Companies that provide information to marketers about people’s dining or shopping habits, for example, typically strip the data of personally-identifiable elements like names or addresses, then aggregate it before sending it off for use.
Researchers uncovered vulnerabilities in the aggregation privacy method by analyzing mobile location counts at various points in time to tease out mini-journeys that surface in patterns in the data.
When veteran venture capitalist Adrian Colyer read the research, he described six stages of horror: “Huh? What? How? Nooooo, Oh No, Oh s*@#!”
The paper, titled “Trajectory Recovery from Ash: User Privacy Is NOT Preserved in Aggregated Mobility Data,” was published at the 26th International World Wide Web Conference last month in Perth.
“Using this approach, it turns out we can link together short journey segments pretty well,” said Colyer, a venture partner at Accel and former chief technology officer at SpringSource, VMware and Pivotal. “The final trick is to recognize that many people make very similar journeys day after day — and those journeys are unique to them. So by looking for similar journeys across days, you can link up journey segments for the same individual across days.”
When devices linger in specific locations for extended periods, it can be deduced that those locations are a home or workplace, allowing mobile location data trajectories to be uniquely distinguished. As Colyer wrote in a May 15 blog post about the research:
“To put that more plainly, given the aggregated dataset, and knowledge of your home and work locations, there’s a very good chance I can recover your full movements!!!”
Of course, it’s questionable that marketers would go through the trouble of exposing identities through such an arduous process, said privacy experts.
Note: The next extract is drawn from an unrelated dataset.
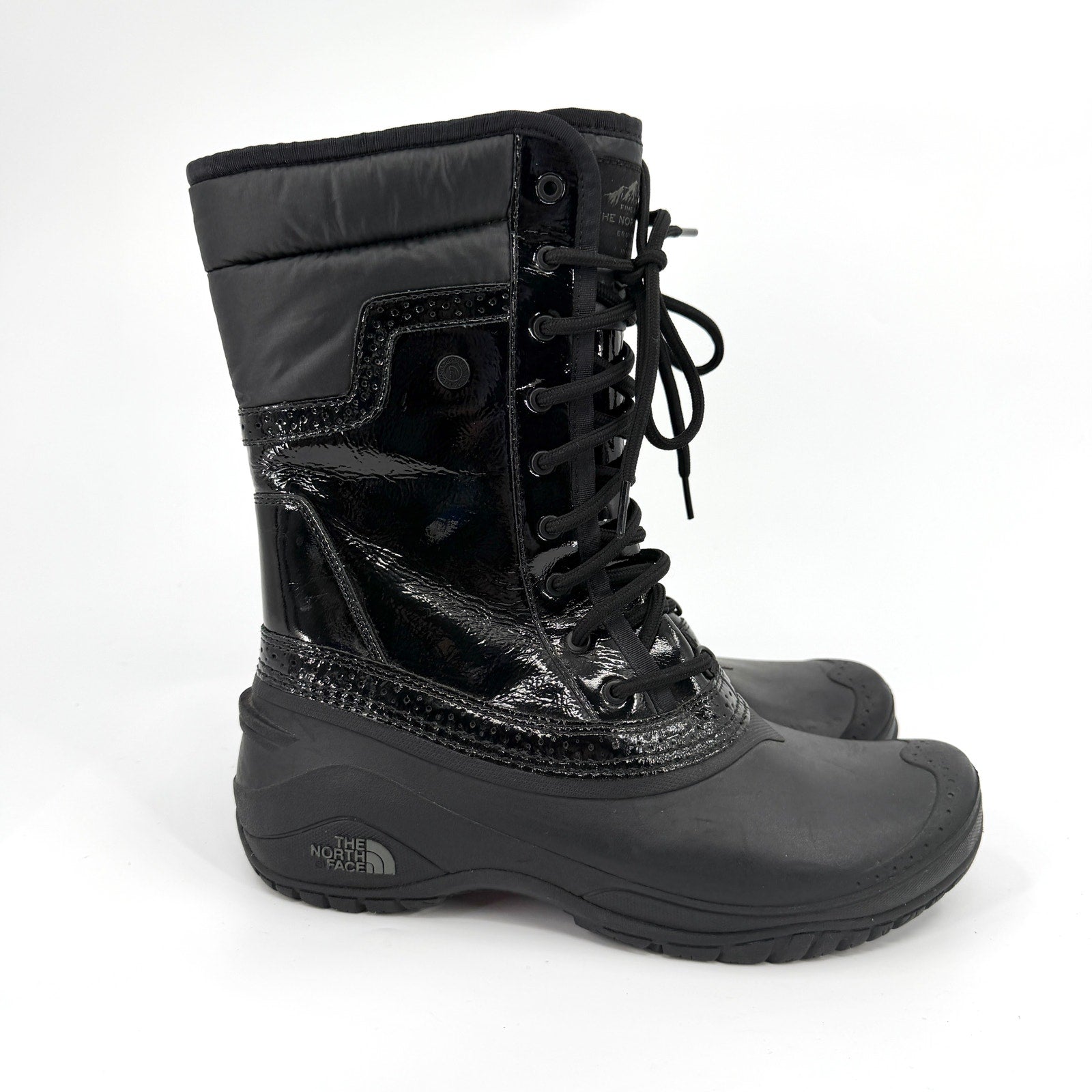 The North Face Black Patent Trim Waterproof Lace Up Snow Boots
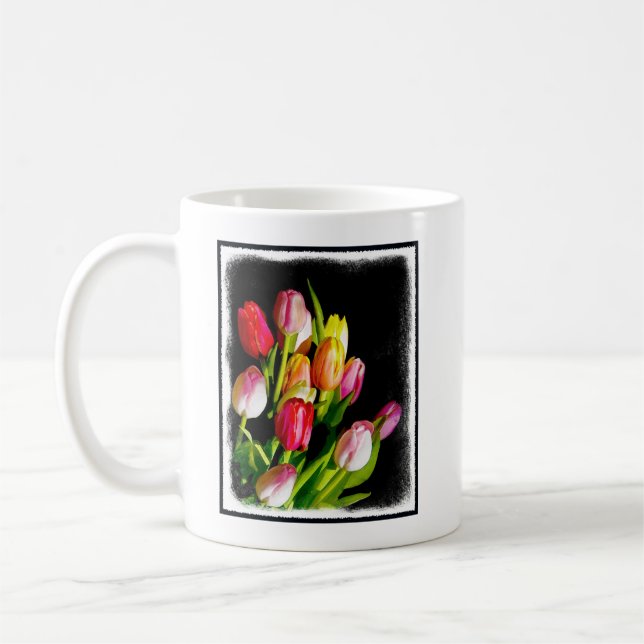 Caneca De Café Tulip Painting - Arte Flor Original (Esquerda)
“The difficulty of taking an aggregated data set that we might provide … and working that backward to identify an individual is pretty high,” said Kirsten McMullen, chief privacy officer and VP of compliance at mobile ad firm 4Info. “And the reward for doing so? Pretty low and generally not worth whatever incremental value they’d get from that data, at least for the companies we sell to: agencies and brands.”
Still. There are players besides marketers that might be interested in unraveling such data.
“I can think of a lot of bad ways that data could be used by law enforcement, or very large scale tech companies or financial institutions, or by bad actors assisting in illegal activities such as helping domestic abusers locate a former partner,” McMullen added. “And to me, that’s where it really matters.”
It’s worth noting that the reason mobile carriers and countless third party tech firms are collecting and aggregating mobile data exhaust in the first place is often for commercial purposes such as marketing and advertising.
“The term anonymous aggregate data needs to be scrubbed from our vocabulary until techniques or tech comes along that will fix this,” said Pam Dixon, founder and executive director of World Privacy Forum. “In general though, there is just too much data and too much ability to predict now.”